Collected material:
■ ■ ■

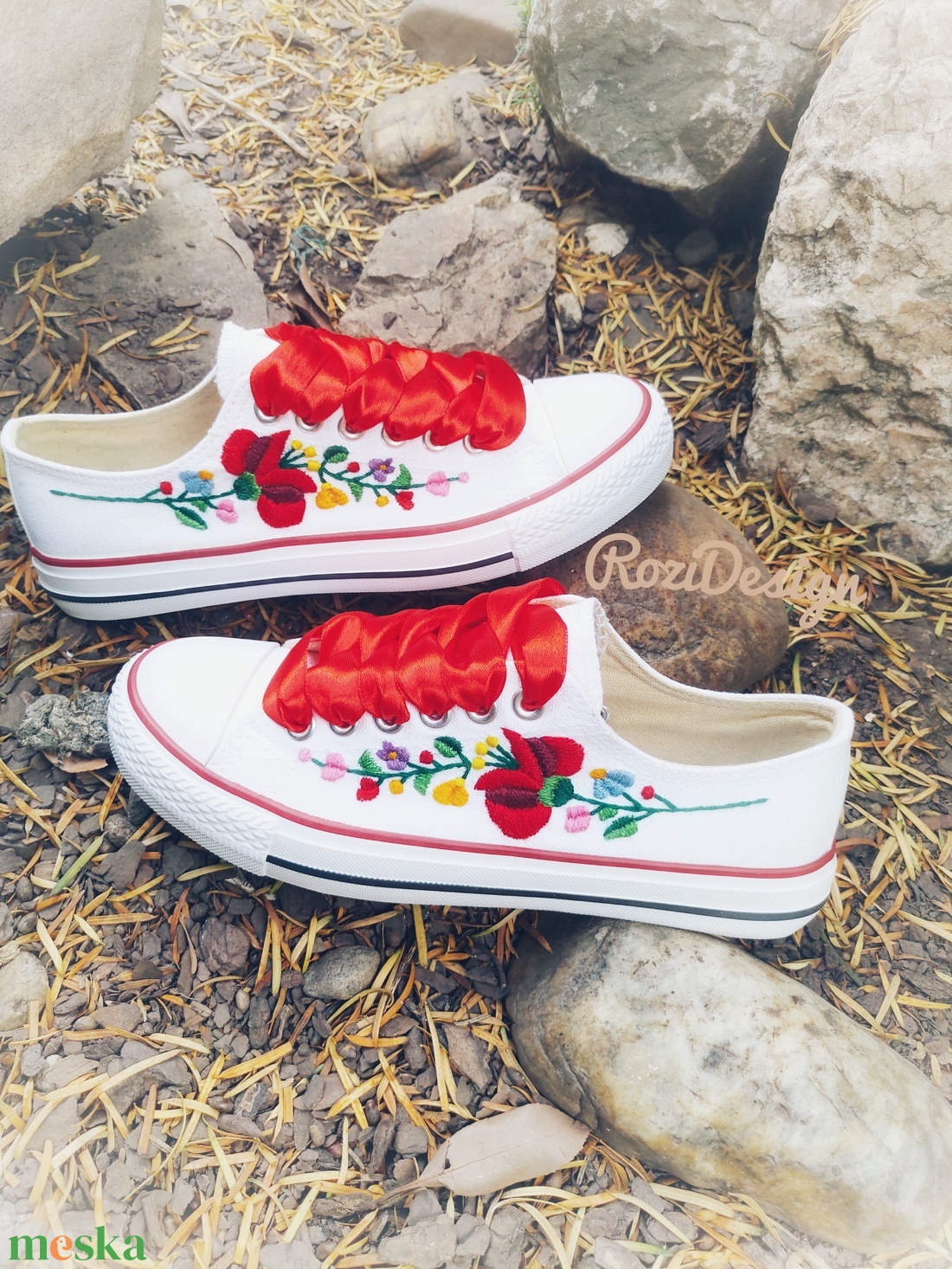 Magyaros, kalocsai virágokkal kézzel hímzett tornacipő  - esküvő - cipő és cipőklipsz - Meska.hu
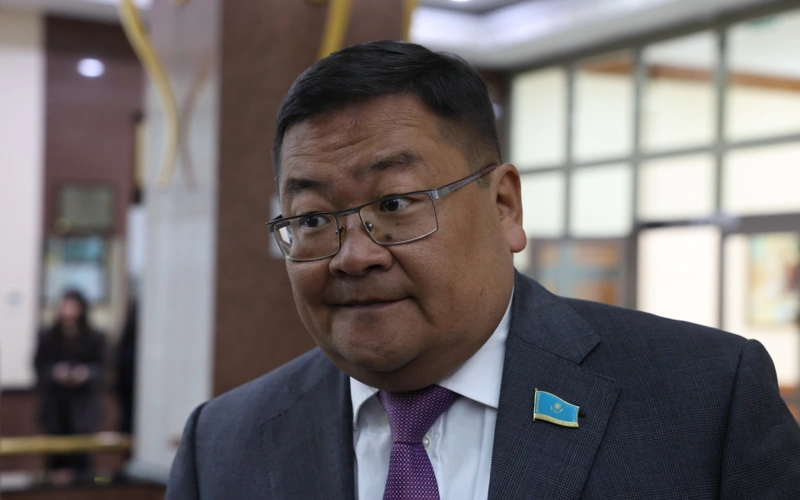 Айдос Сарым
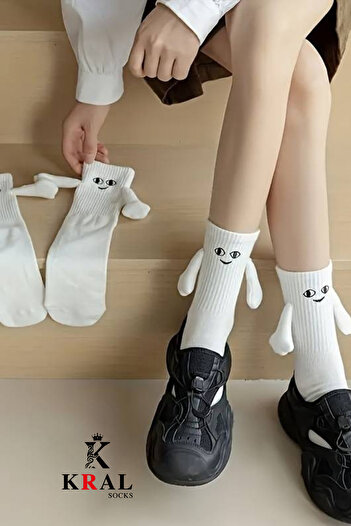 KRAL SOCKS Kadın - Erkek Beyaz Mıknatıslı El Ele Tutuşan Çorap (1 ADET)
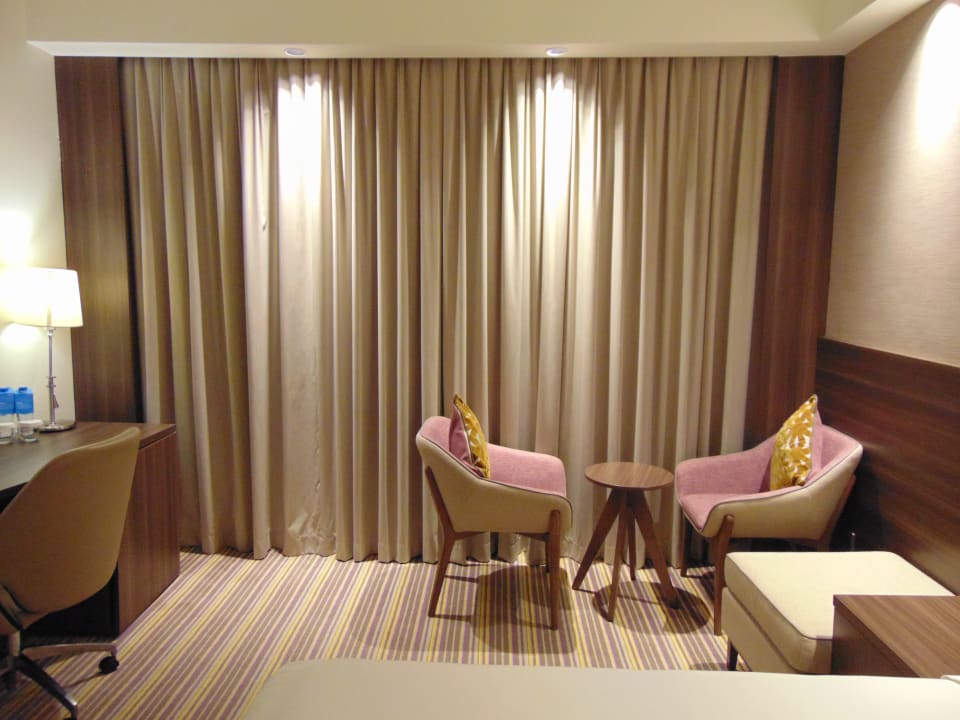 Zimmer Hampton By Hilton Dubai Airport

■ ■ ■

Exercise goal: Write the listing again exactly, duplicating every line and skipping the pictures.

Exercise result:
 Magyaros, kalocsai virágokkal kézzel hímzett tornacipő  - esküvő - cipő és cipőklipsz - Meska.hu
 Айдос Сарым
 KRAL SOCKS Kadın - Erkek Beyaz Mıknatıslı El Ele Tutuşan Çorap (1 ADET)
 Zimmer Hampton By Hilton Dubai Airport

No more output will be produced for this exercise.